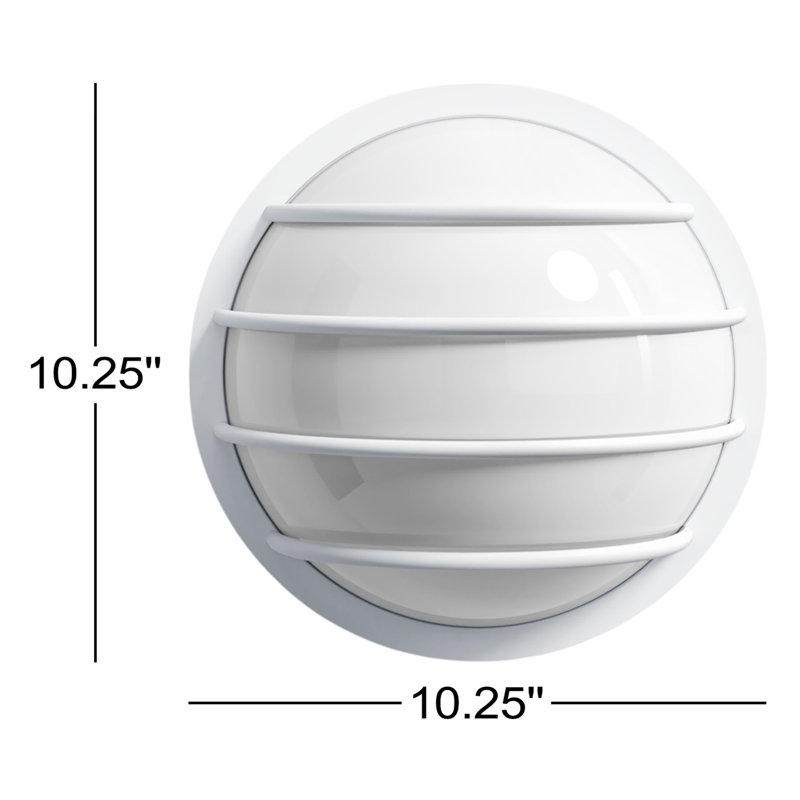 Valinda Aluminum Wall Light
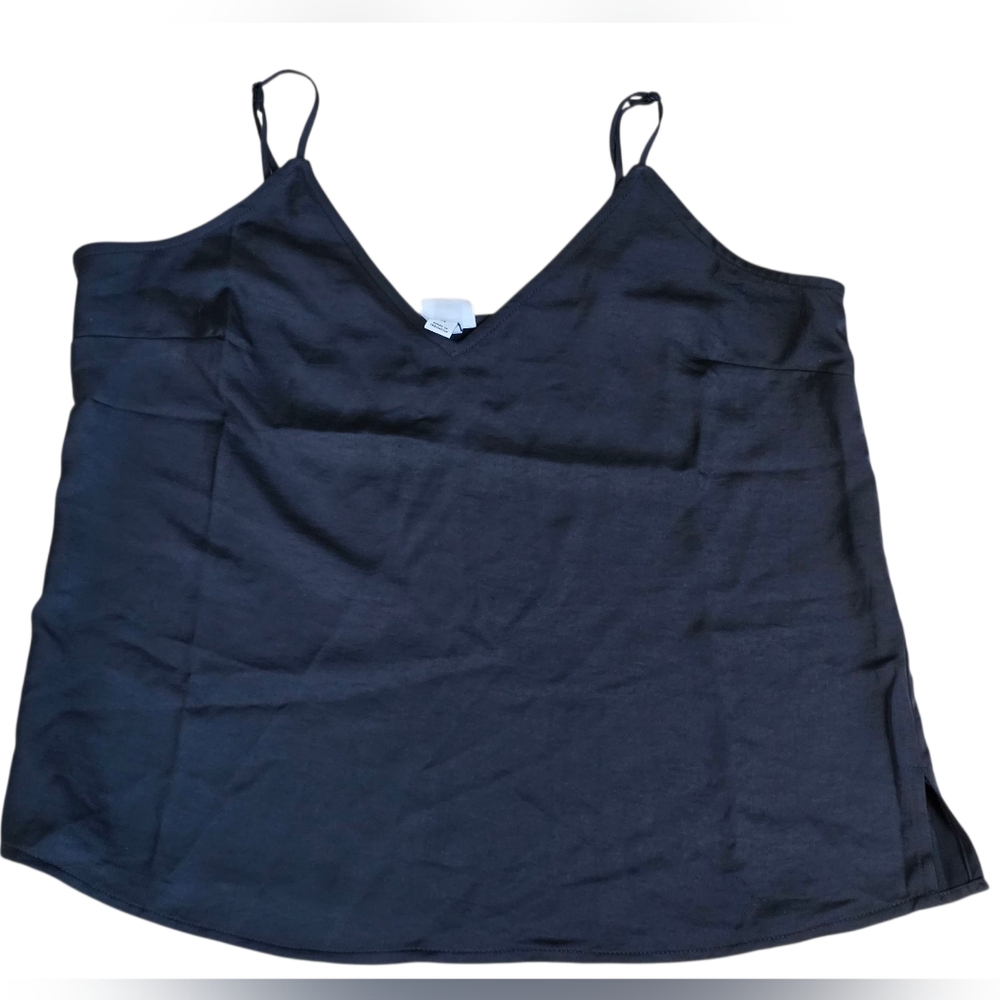 A New Day Black Camisole Size M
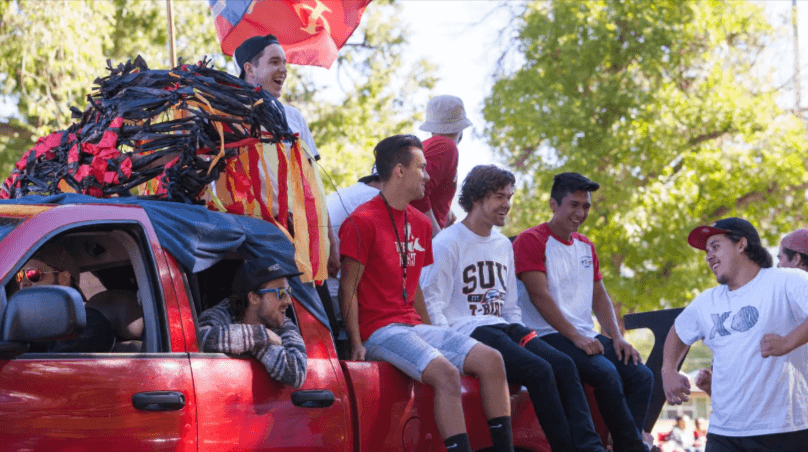 🔥 Cedar City's Biggest Week Ever: New Buildings, Wild Women & Student Genius Shake Up SUU!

_Instructions for the task_
Send back the data above verbatim, leaving out its pictures.

_Your solution_
 Valinda Aluminum Wall Light
 A New Day Black Camisole Size M
 🔥 Cedar City's Biggest Week Ever: New Buildings, Wild Women & Student Genius Shake Up SUU!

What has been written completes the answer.